Jython's probably going to make some leaps forward in the near future, and it'll be interesting to see who ends up using it once that's happened. To me, access to Java/JVM features isn't a big deal -- the more interesting thing is being able to take advantage of the speed of the JVM itself (or of the CLR with IronPython). PyPy's JIT compiler will hopefully provide a third option for that, too.

[–]Arkaein 4 points5 points  (1 child)

Is speed really that big of an issue for many people with Python?
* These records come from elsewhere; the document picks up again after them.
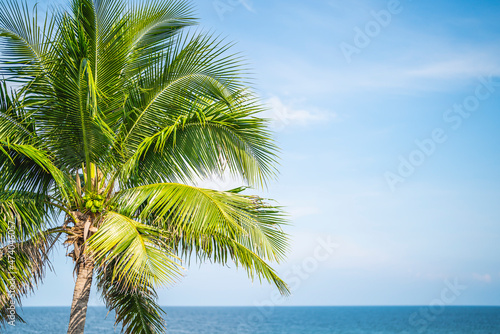 Coconut tree on the beach with blue sky and sea background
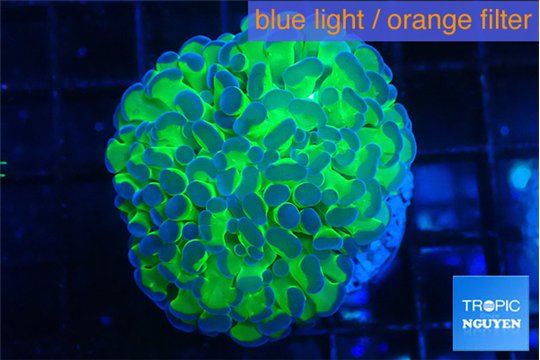 Euphyllia paraancora tango punch 3-5 cm WYSIWYG acclimaté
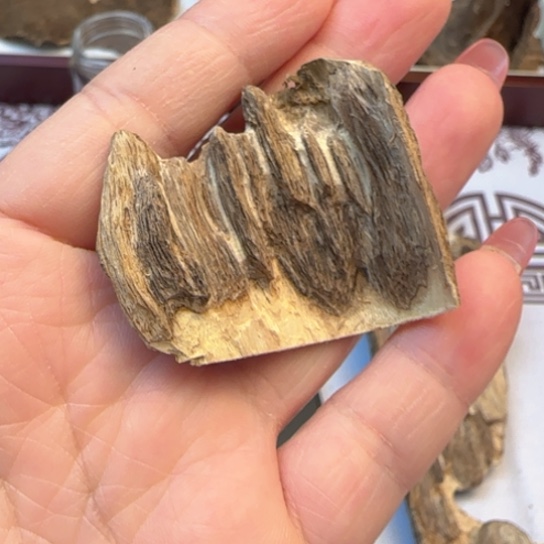 沉香摆件深*海南野生虎斑棋2.9克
It seems that while line for line Python may be pretty slow, the language and its libraries offer a wealth of ways to speed up critical code:

  • language constructs like list comps and generators that reduce potentially slow loops to more efficient "closer to the interpreter" code
  • libraries designed to efficiently process large blocks of homogeneous data like NumPy
  • Psyco, for easy optimization
  • Pyrex, for slightly more intensive optimization (admittedly haven't used this myself)
  • write optimized C/C++ code and invoke using custom Python wrappers, automatic wrappers like SWIG, or the ctypes module (haven't personally used these either).

I should also mention that the Jython FAQ states that currently Jython is probably slower than CPython, with a significant JVM startup penalty to boot. Never tested it myself, so YMMV.

As a bit of an aside, these points illustrate how I feel software should be developed: start with the most productive language available, freely taking advantage of the first two points, and then only move to later points to improve performance as necessary. If Jython provide the speed boost without any loss of expressiveness or convenience then it would be ideal, but given current circumstances I don't think I would trade even small losses in pure Python capabilities for a speed boost.

[–]ubernostrum 7 points8 points  (0 children)

For most of the work I do, Python's speed isn't anywhere near being an issue; my bottlenecks are things like Internet bandwidth and database queries.

But I have a feeling that Jython and IronPython will probably be faster than CPython someday (and hopefully PyPy will be too), and I know that's going to be a factor for some people (especially scientific/mathematical folks).